Captioned web image data:
━━━━━━━━
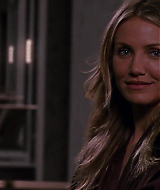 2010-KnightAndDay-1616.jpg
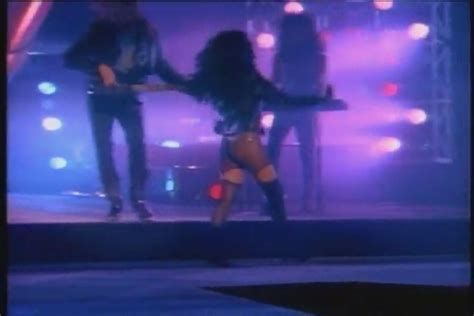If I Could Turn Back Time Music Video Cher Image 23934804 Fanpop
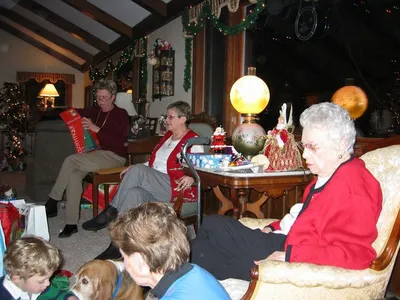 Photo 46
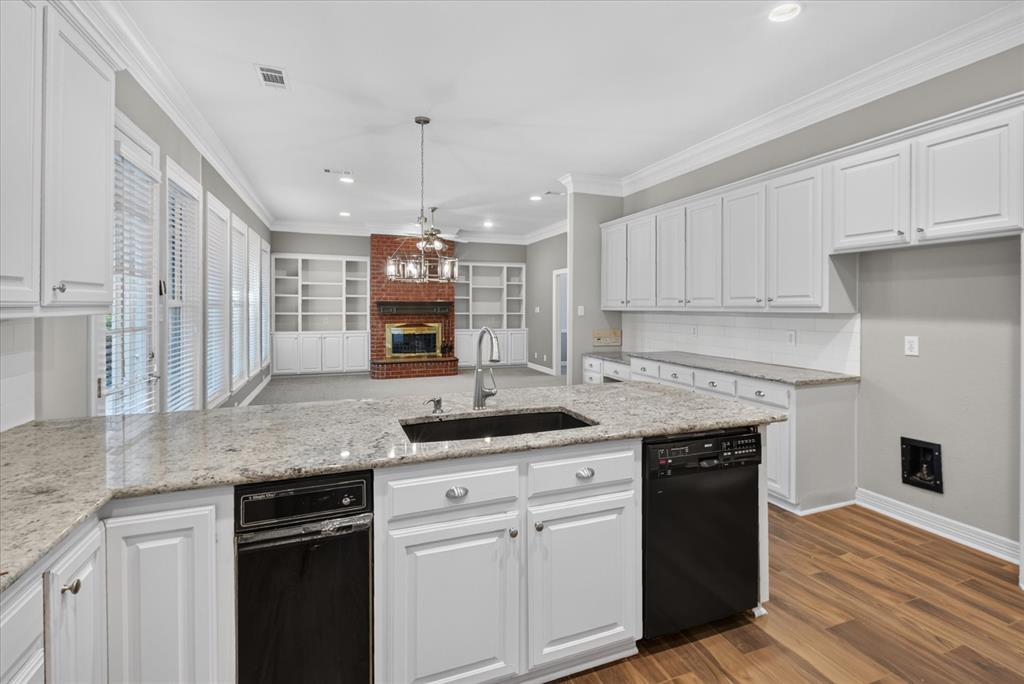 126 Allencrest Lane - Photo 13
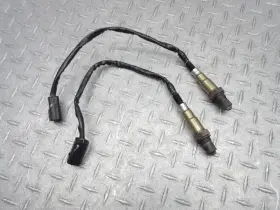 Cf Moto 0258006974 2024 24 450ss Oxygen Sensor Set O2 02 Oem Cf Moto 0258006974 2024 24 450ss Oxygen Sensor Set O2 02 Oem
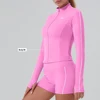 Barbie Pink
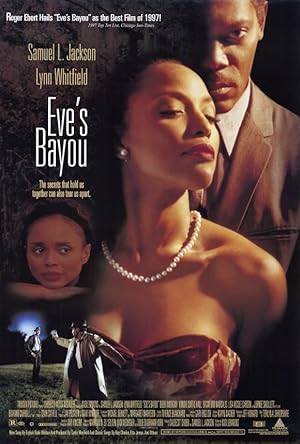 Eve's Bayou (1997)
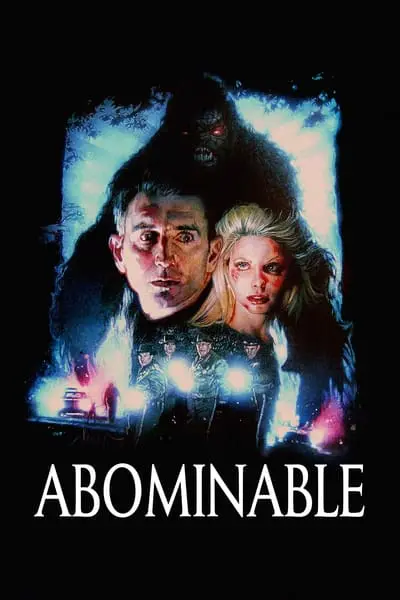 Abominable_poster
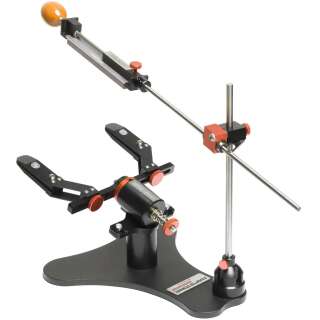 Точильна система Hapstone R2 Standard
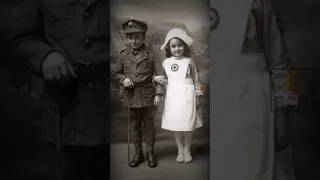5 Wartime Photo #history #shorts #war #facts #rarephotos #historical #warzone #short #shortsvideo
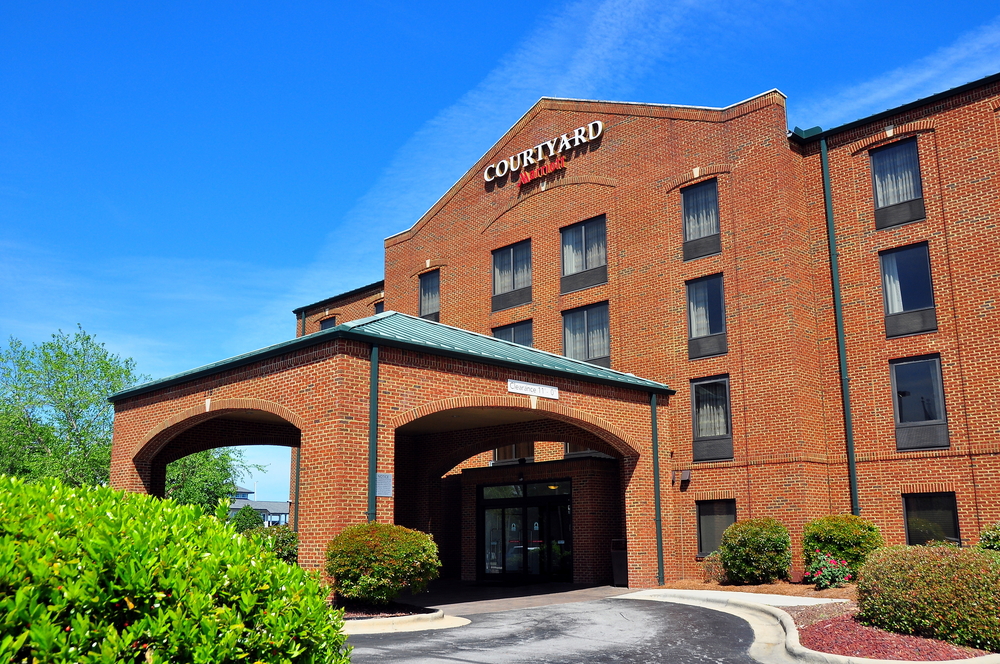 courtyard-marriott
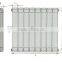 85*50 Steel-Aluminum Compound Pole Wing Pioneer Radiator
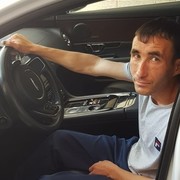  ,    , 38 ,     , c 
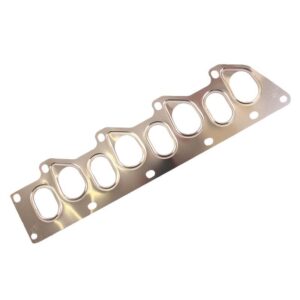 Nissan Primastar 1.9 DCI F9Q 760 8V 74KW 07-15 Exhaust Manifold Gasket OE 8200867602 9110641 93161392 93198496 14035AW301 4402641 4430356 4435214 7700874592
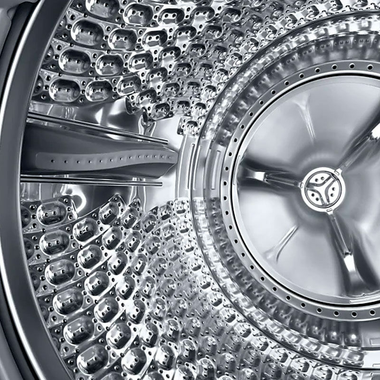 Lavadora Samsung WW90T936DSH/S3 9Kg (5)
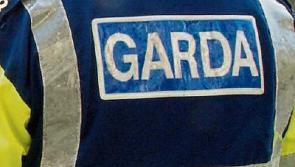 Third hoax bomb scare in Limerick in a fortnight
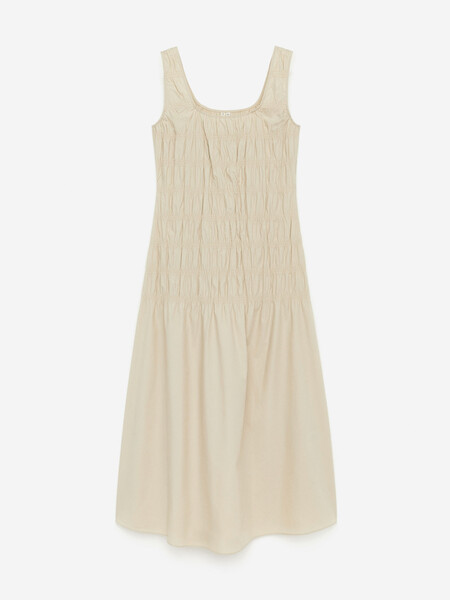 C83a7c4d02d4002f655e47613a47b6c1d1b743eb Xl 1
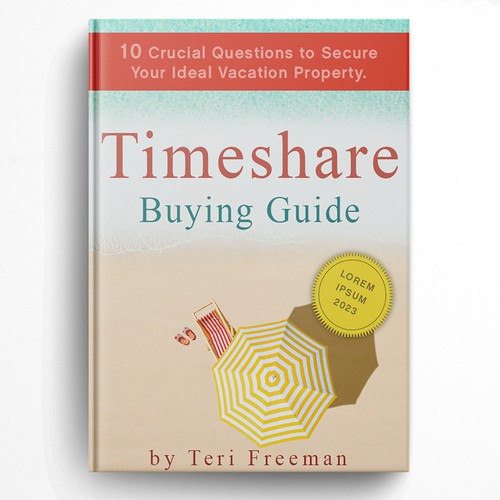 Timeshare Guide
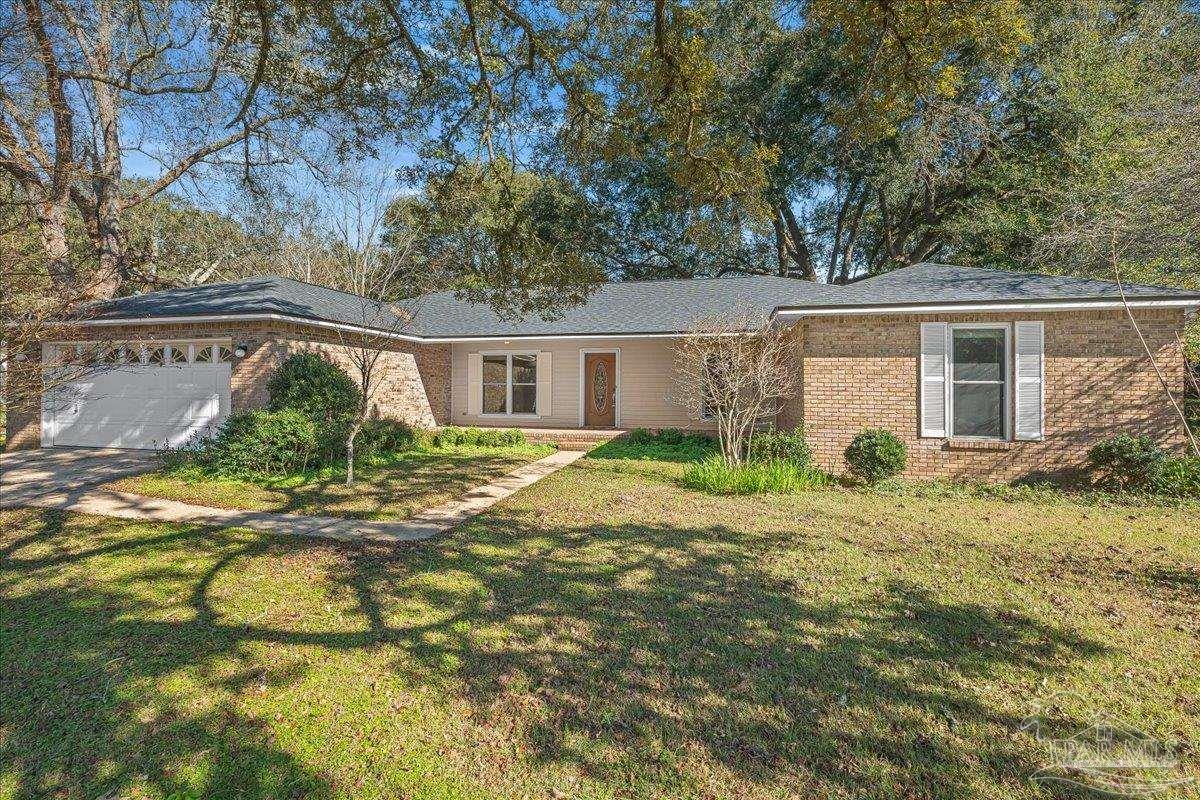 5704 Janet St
━━━━━━━━
Only the lines from the one containing "Third hoax bomb" through the final line of the entries belong in the copy, both ends included. Pictures stay out.

 Third hoax bomb scare in Limerick in a fortnight
 C83a7c4d02d4002f655e47613a47b6c1d1b743eb Xl 1
 Timeshare Guide
 5704 Janet St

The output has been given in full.